TASK INSTRUCTIONS
Using the data that follows, give again word for word the lines between the one holding "Набір ручок масляних" and the one holding "Šilt pre prilby", inclusive. Omit the pictures.

DATA FOR ANALYSIS
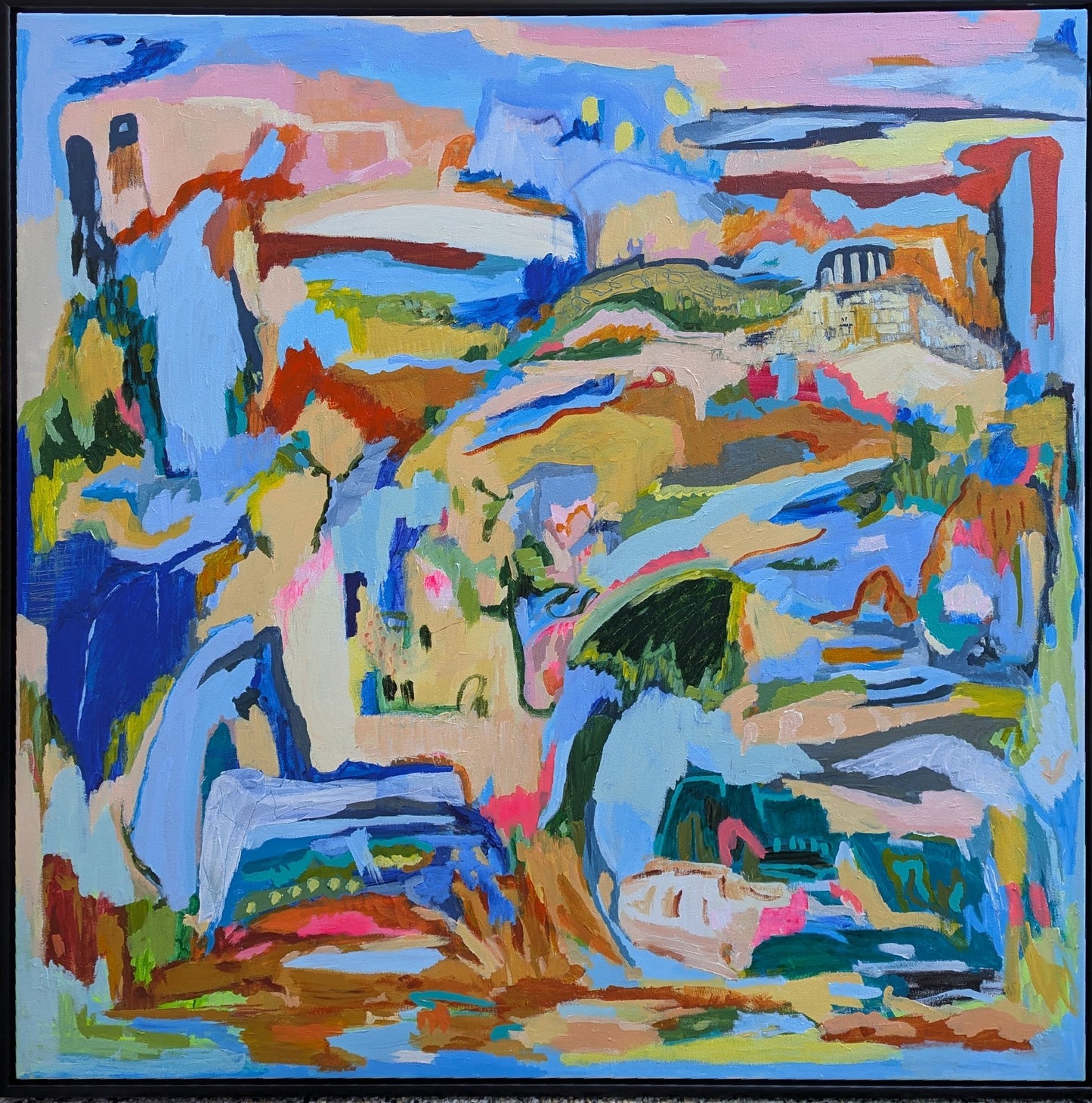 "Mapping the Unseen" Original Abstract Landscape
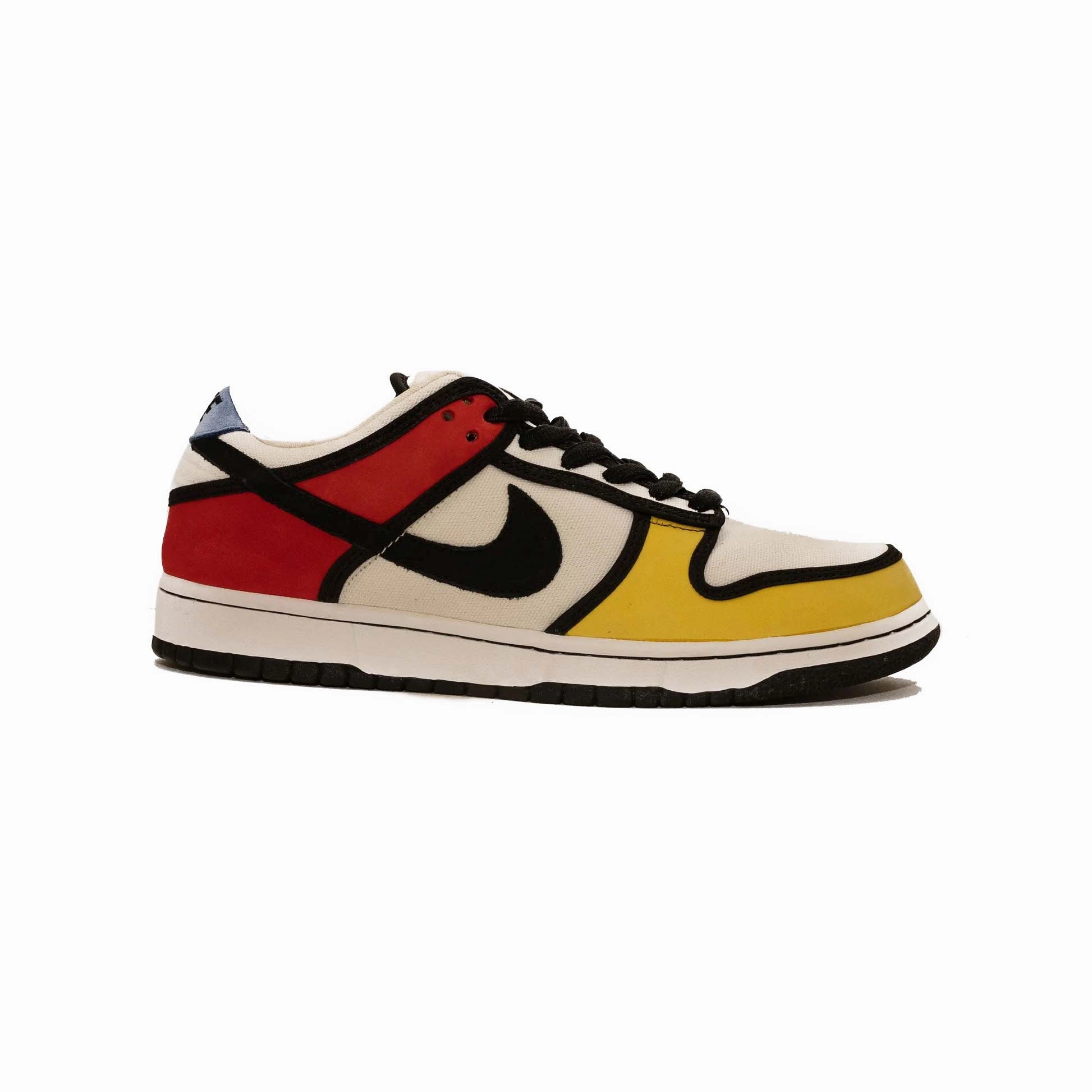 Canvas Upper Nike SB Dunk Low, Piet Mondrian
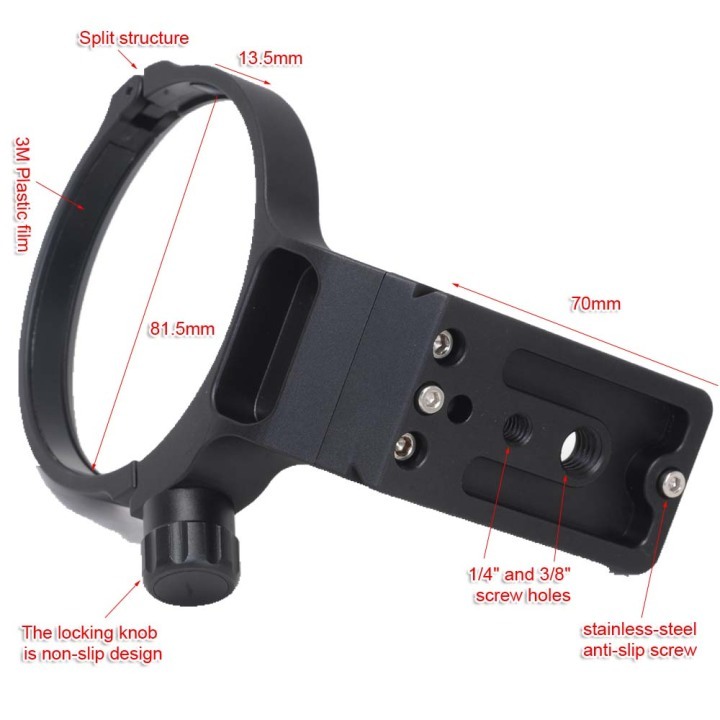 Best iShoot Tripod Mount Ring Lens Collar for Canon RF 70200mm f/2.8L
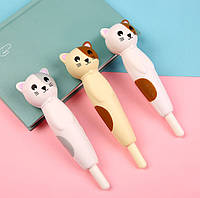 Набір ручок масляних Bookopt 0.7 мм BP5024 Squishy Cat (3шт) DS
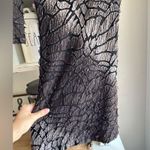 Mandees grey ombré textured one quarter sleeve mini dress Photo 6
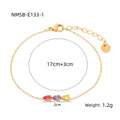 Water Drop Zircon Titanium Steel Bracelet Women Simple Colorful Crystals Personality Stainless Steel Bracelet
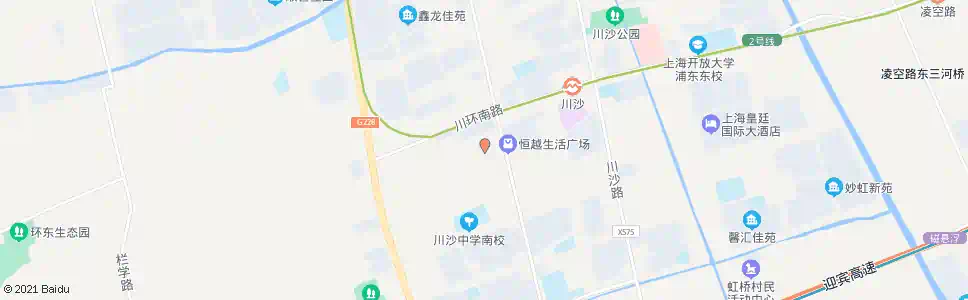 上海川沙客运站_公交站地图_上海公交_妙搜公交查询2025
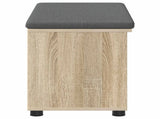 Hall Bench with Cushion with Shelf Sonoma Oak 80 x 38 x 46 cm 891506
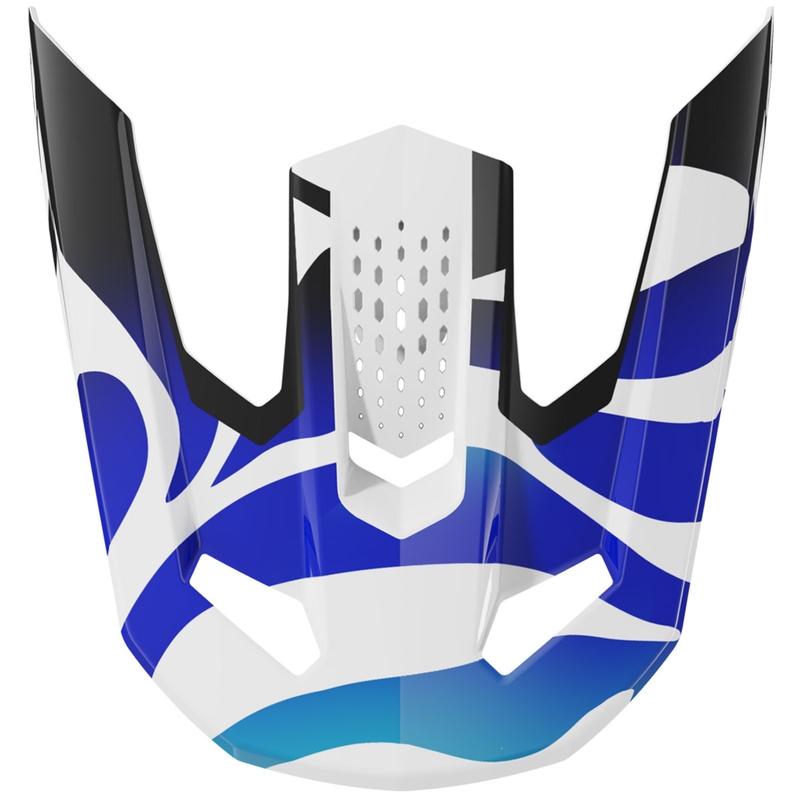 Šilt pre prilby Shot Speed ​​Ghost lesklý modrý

--

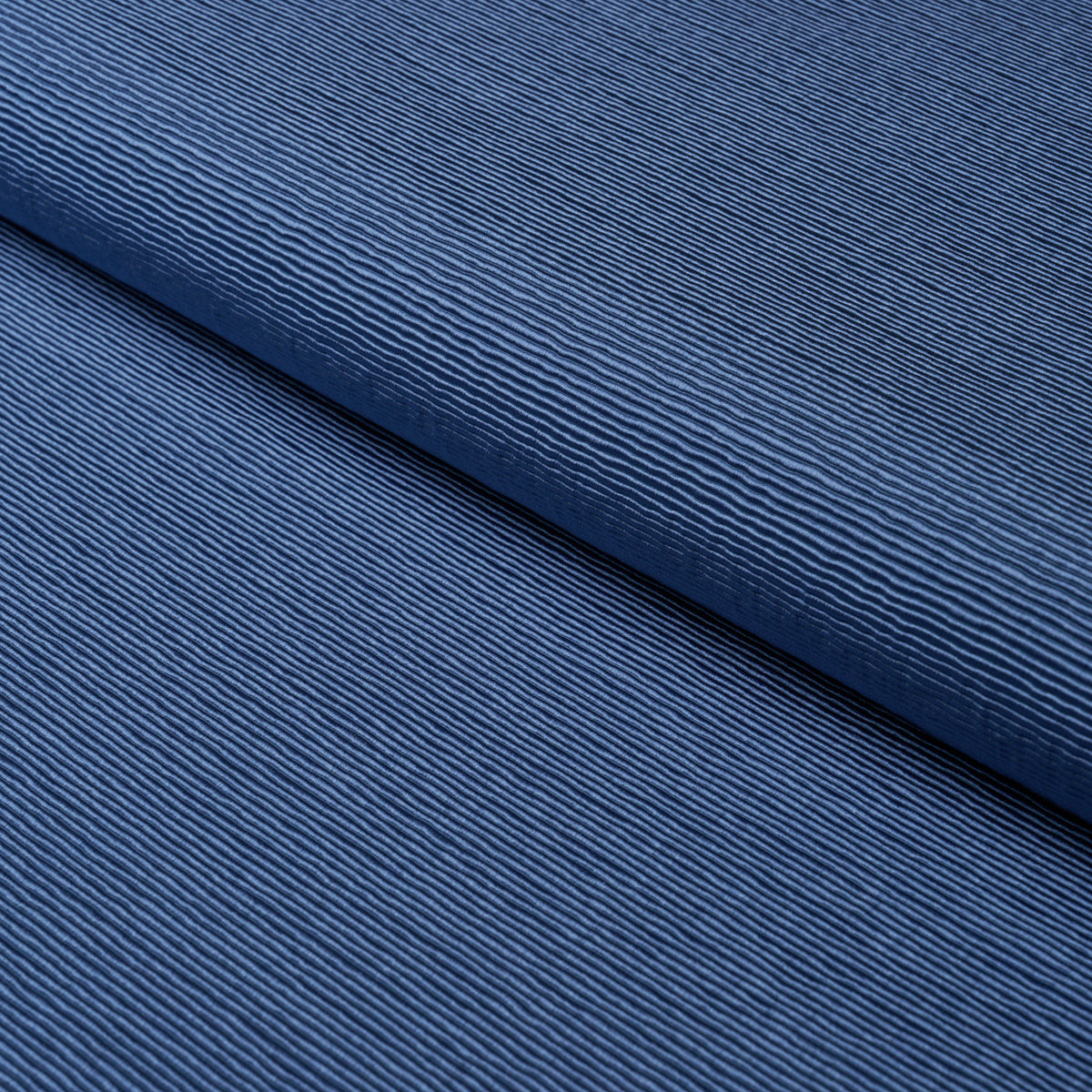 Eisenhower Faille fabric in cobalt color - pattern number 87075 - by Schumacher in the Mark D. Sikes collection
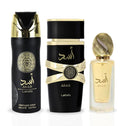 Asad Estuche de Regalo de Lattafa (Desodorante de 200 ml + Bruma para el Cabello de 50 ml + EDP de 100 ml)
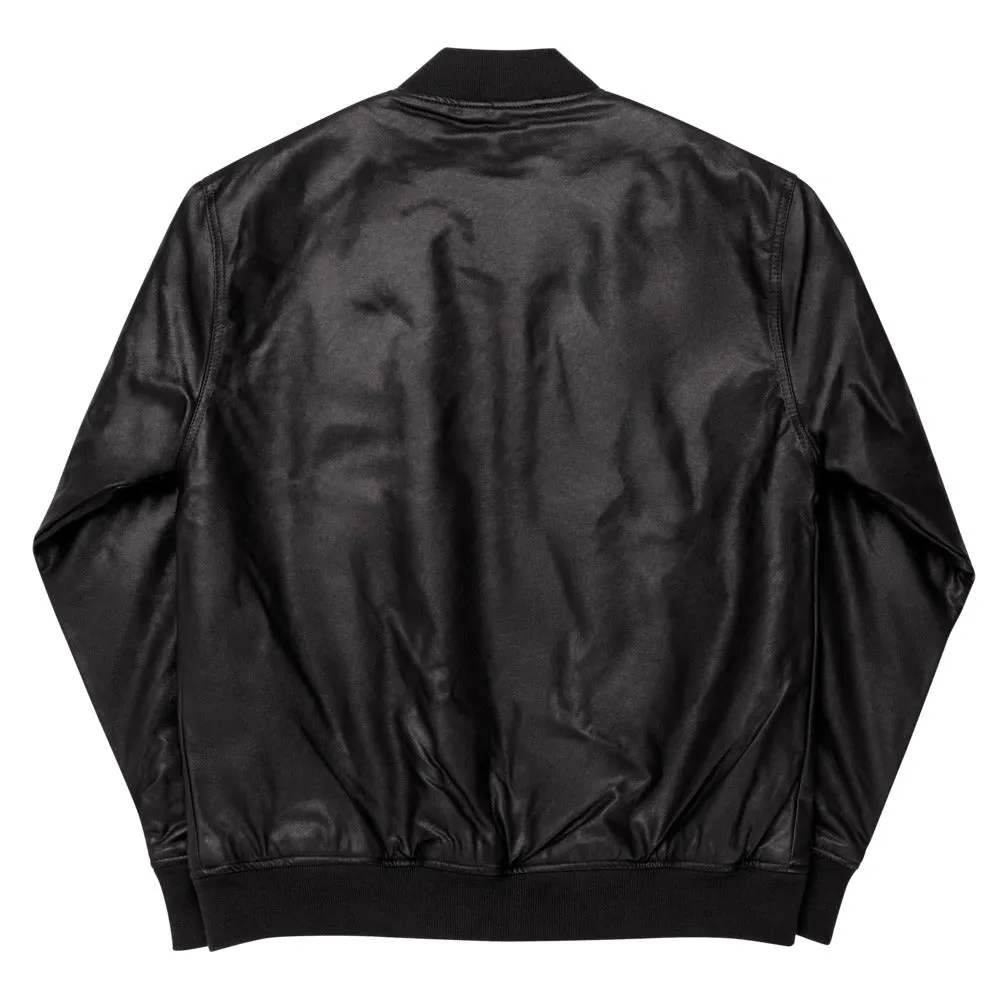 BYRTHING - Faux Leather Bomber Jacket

TASK ANSWER
 Набір ручок масляних Bookopt 0.7 мм BP5024 Squishy Cat (3шт) DS
 Mandees grey ombré textured one quarter sleeve mini dress Photo 6
 Water Drop Zircon Titanium Steel Bracelet Women Simple Colorful Crystals Personality Stainless Steel Bracelet
 上海川沙客运站_公交站地图_上海公交_妙搜公交查询2025
 Hall Bench with Cushion with Shelf Sonoma Oak 80 x 38 x 46 cm 891506
 Šilt pre prilby Shot Speed ​​Ghost lesklý modrý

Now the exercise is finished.